Kurdistan Regional Government (KRG) President Masoud Barzani said on Thursday there was no turning back on a bid to achieve an independent Kurdish state, expecting a "yes vote" on September 25 independence referendum.
Iraq's Kurdish leader Barzani said in an interview that the timetable for independence after a September 25 vote on the issue was "flexible but not open-ended".
The result could turn into a regional flashpoint, with Turkey, Iran, and Syria, along with Iraq the states with sizeable Kurdish populations as all resolutely opposed to an independent Kurdish state in northern Iraq.
But Barzani said negotiations with Baghdad, neighbours and international powers would start immediately after the vote in order to reach an amicable agreement.
"Our main goal is to implement and achieve the decision of our people through peace and dialogue," he said.
Barzani also played down speculation that the referendum would spark violence, saying "the legitimacy of the people is bigger than the legitimacy of any of the political parties or any of the external interventions".
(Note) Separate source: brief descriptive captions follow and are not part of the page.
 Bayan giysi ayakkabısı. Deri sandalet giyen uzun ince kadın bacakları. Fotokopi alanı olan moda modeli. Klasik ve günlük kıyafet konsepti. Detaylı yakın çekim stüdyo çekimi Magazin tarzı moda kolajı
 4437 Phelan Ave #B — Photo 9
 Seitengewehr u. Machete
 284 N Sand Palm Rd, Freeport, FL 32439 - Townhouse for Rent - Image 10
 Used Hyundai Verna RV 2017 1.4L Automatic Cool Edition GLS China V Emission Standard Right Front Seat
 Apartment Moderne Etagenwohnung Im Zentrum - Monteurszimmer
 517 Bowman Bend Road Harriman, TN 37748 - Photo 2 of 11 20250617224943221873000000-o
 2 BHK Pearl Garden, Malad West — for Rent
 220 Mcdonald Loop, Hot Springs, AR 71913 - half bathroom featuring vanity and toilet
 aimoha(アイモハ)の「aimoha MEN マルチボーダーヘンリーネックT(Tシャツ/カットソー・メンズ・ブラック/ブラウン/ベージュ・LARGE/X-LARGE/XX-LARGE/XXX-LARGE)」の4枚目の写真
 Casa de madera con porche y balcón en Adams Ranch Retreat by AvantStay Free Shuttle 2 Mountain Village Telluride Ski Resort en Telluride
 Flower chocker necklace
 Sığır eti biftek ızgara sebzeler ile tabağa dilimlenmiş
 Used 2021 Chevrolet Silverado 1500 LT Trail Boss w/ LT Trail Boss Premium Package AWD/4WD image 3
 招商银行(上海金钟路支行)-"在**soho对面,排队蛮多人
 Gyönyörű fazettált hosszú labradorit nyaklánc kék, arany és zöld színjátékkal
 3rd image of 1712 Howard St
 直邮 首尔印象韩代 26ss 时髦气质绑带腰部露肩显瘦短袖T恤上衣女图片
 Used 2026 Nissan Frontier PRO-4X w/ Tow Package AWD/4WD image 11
"I don't think anybody can stand against the big wave of the people of Kurdistan when they decide their destiny. Maybe there will be some attempts to foil (it)... We will try our best not to allow that to happen."
He said he was ready to allay the security concerns of Iraq, Turkey, and Iran, saying that postponing independence would actually lead to greater instability.
"We have proved that we are factors of stability," he said.
"So what we do through a referendum is prevent that upcoming instability. We want to cut any possibility of bloodshed in the future."
Fate of Kirkuk
Within Iraq's borders, there is growing concern the real purpose of the referendum is not secession, but to strengthen Kurdish claims over hotly disputed territory adjoining recognised KRG boundaries, such as the oil-rich region and city of Kirkuk.
The vote would decide the fate of Kirkuk, which Kurdish Peshmerga forces prevented Daesh from capturing in 2014, Barzani said at his palace in the hillside village of Salahaddin.
"Whatever the people of Kirkuk decide within the referendum, that decision should be respected," he said.
The Peshmerga effectively runs Kirkuk, also claimed by Turkmen and Arabs.
Iran-backed Iraqi Shia militias have threatened to expel the Kurds by force from this region and three other disputed areas - Sinjar, Makhmour and Khanaqin.
Inside the KRG, parties such as the Patriotic Union of Kurdistan (PUK) of Jalal Talabani or the dissident Gorran group, all favour independence but not necessarily under the leadership of Barzani and his KDP.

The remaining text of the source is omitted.